Adıma sureler döktürüldüğü için yazıcılar yonga yonga biriktirdiler “başı eğri” kara zerrelerimi kuşaklarının içlerinde. Biliyorlar ki; her bir zerremde taşıyorum O’nun sırrını, hikmetini, ilmini, rahmetini… Ben de boğumlarımda tutuyorum onlar için masum dualarımı mahşerde nur yüzlüler kervanına katılsınlar diye.

Yalnız insanlık ve huzur veren eserlerden bir parça olmaya gayret sarfedenler, kutsal hayatın ve yapıcılığın mensubu olanlardır.
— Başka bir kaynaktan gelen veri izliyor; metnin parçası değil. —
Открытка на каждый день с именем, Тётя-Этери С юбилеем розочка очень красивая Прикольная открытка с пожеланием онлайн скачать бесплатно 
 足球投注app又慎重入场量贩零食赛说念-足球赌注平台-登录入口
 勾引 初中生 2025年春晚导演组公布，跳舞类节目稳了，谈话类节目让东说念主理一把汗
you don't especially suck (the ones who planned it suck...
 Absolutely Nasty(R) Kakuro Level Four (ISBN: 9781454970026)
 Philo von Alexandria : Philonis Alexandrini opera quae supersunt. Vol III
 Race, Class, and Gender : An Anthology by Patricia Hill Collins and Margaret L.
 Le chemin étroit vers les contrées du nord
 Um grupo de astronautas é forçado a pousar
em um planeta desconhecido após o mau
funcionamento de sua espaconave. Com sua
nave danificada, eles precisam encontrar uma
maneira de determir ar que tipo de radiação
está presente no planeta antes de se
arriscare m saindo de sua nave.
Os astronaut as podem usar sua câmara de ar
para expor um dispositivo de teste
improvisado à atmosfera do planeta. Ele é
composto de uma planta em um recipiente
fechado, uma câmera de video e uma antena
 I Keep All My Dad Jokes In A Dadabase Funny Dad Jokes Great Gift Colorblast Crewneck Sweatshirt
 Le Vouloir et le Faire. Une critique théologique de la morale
Bunlardan biri olmaya hazır mısın minik insan?

-Benim için de bir duan var mı? Benim için de yazar mısın Kalem Güzeli? dedim, başladı yazmaya:

-Başka eserler sana ışık olsun fakat yolun olmasın!

-Her eser eksiklerini tamamlasın fakat rüzgârına kapılmayasın!

-Su, ışık, çiçek ve kitap …

-Bunlar gerçeğe erenlerin dostlarıdır, dostların bunlar olsun.

-Doğrultun, ilmin huzuru olsun.

-“Erenler” dostun olsun…

-Ama sana en güzel duanın ne olduğunu söyleyeyim mi; Sevmek…

-Yüreğin gülümsüyorsa eğer, ne olursa olsun yüzün kararmayacaktır. Sen ışık olacaksın gece geldiğinde.

-Her şartta kendinle dürüst kal ki, yolun uzun olsun.

-Başkalarının acılarını dinleyebilme sabrın ve nezaketin olsun.

-Muhabbet anlayışın evladıdır. Muhabbet evladın olsun.

-Neredesin kalem dedim?

-Noktanın çizgiye kavuştuğu yerdeyim…”bilgi”yle tanıştığında beni daha iyi anlayacaksın. Noktaların çoğaldıkça çizgiye yaklaşacak, çizdikçe noktalarını azalacaksın. Ve durmadan genişleyen bu çemberin hakikate varıncaya kadar sürecek. Ama sonunda yanıp kül olmak da var. Bilgilendikçe acı çekeceksin bazen, ama “kendin olma” adına çektiğin ve beynini zonklatan her acı değerlidir, asildir. Sabırsız olacak kadar cesaretin, cesaretin olacak kadar sabrın olsun. Sonsuzluğun ateşi elini yakacak belki… Evet zor bir iş… var mısın minik insan?

Gülümsedim.

-Sen benim elimi bırakmadığın sürece…

-Madem ki gerçeği bulmak için bu kadar isteklisin Sana “Hakikat”in ne olduğunu ya da nerde olduğunu söylemeyeyim ama sana bir ipucu vereyim; gerçeği bulmak için “ok”u en uzağa atmayı dene. Bu okunun ışığı ile ufukları buluşturmayı başarabilirsen yeniden görüşeceğiz. Otuz kuştan biri olduğunu fark ettiğin an, ben seni bulacağım.

-Biliyor musun? Parmağıma yaptığın izler artık yok, Neden?

-Artık bilgisayar tuşlarında dolaştığımın farkında mısın?